Hemochromatosis- What are the Symptoms

Probably the greatest difficulty in diagnosing early hemochromatosis is that it is non-specific and the symptoms are vague.

Many sufferers are often diagnosed with the “flu” or “chronic fatigue syndrome”. Some have suffered years where they have been suspected of malingering. Paradoxically anemia may firstly be suspected because of decreased energy. If the correct tests are not done sufferers may even be given iron tablets which further worsen their symptoms. Iron overload is insidious and usually takes many years to develop. Women may begin to load iron at menopause as the phlebotomy effect of menstruation has ceased. If this possibility is not suspected the symptoms may be written off as being due to “hormonal changes”.

The earliest symptoms of hemochromatosis are fatigue and arthralgia or aching joints. Once iron has begun to accumulate in body tissues the liver may be affected. In the past it has not been uncommon for sufferers to be suspected or being secret drinkers when abnormal liver function tests are found. As iron continues to accumulate the condition of the liver may worsen and other organs may be affected. Other organs which may be involved include the skin, pancreas, ovaries, testes, heart, digestive system, thyroid and joints. Annoying skin rashes, palpitations, impotence and diabetes may be a consequence of too much iron. Many patients suffer from recurrent infections and may decide to take “immune boosters” which are metabolised by the liver. This can make their condition worse.

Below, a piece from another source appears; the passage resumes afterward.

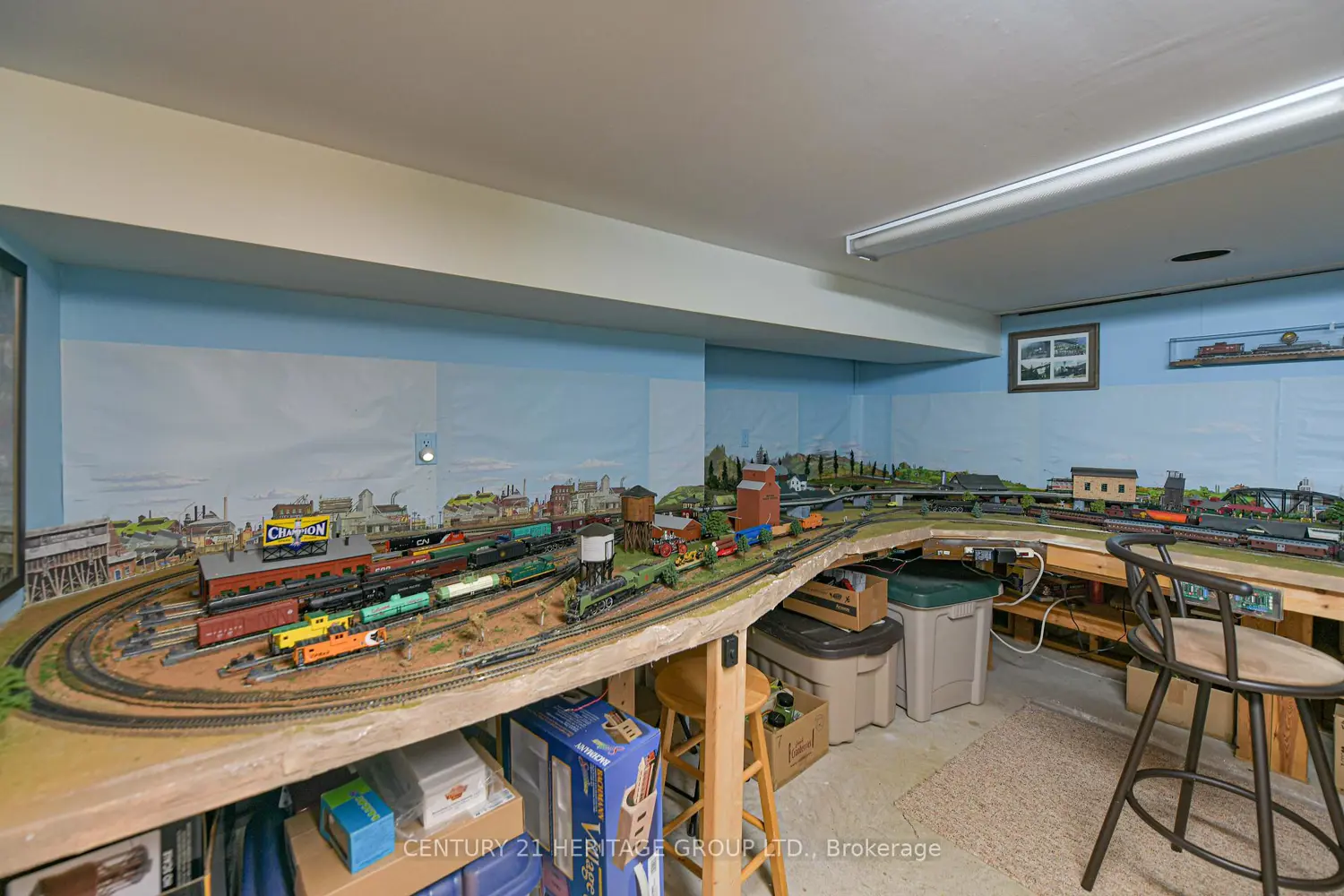 Additional image 20 of 19 Springwood Crescent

Patients with severe hemochromatosis may present with septicemia or blood poisoning, heart failure, failure of the reproductive organs and severe arthritis where joint replacement is necessary. In the worst cases liver transplant may be necessary. Those cases that require liver transplant have a 50% mortality within the year after transplant. This mortality is often due to heart problems or septicemia. Men over 55 years of age with severe hemochromatosis have 200 times the chance of developing liver cancer.

It is important to have a high index of suspicion for the possibility of hemochromatosis as the disorder is a great mimicker of other disorders. With the rapidly advancing knowledge on the disorder it is becoming more common for doctors to order transferrin (transferrin-iron) saturations (TS) on their patients and unsuspected cases of hemochromatosis are being found more frequently. Elevation of TS values is a big clue as to the diagnosis. However if only ferritin levels are ordered an early case of hemochromatosis or even a person with hemochromatosis who has been a blood donor may be missed. Testing for iron studies is not expensive. Taken together the TS value and ferritin level will detect most cases of hemochromatosis.

It is important to diagnose hemochromatosis early as it can be treated easily. Fortunately with increased awareness this is now happening. While the patient with end stage hemochromatosis may save the lives of others as he (usually but sometimes she) has alerted the doctor and relatives that others may have hemochromatosis, this represents an unnecessary tragedy that fortunately is becoming rarer.